## TASK TO CARRY OUT:
Exactly the lines below from the one with "AMD Mobile Athlon" up to and including the one with "AsCARD Orange 07.105W" make up the answer, with nothing else added.

## RECORDS FOR THIS TASK:
======
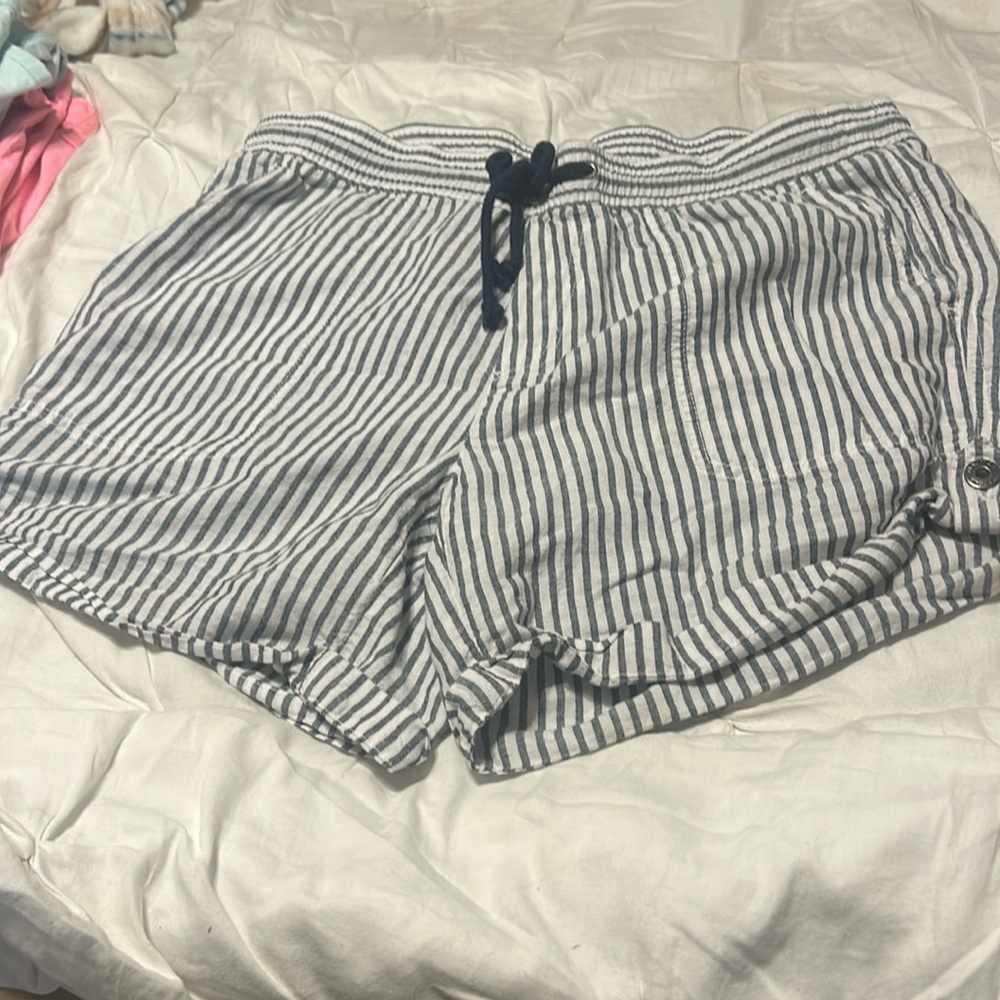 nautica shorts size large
======
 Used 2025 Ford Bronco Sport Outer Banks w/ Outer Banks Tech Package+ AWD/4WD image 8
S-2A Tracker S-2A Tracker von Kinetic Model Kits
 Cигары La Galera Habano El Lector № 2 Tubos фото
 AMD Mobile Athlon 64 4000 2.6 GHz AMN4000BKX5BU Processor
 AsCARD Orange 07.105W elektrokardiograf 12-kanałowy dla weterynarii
======
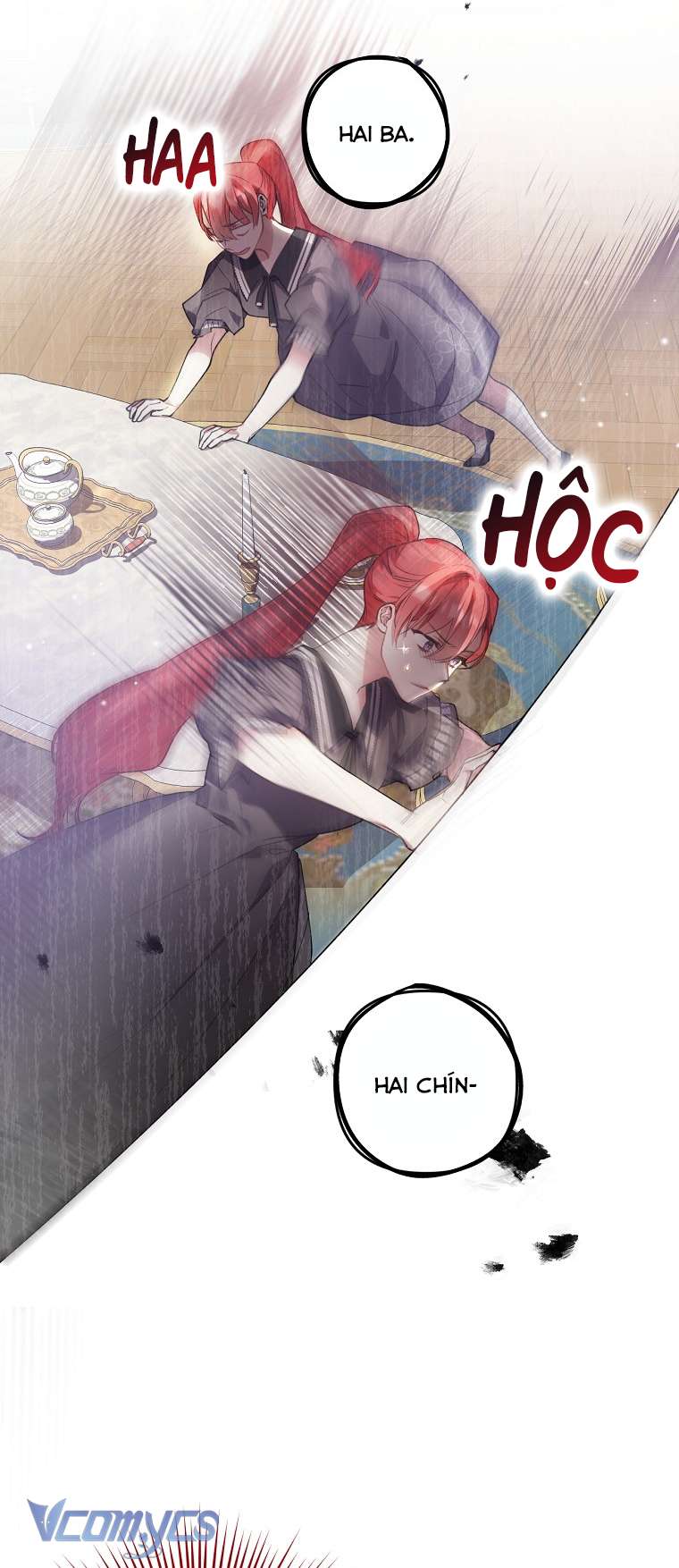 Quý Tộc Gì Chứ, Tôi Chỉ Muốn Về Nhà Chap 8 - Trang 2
======
## OUTPUT OF THE EXERCISE:
 AMD Mobile Athlon 64 4000 2.6 GHz AMN4000BKX5BU Processor
 AsCARD Orange 07.105W elektrokardiograf 12-kanałowy dla weterynarii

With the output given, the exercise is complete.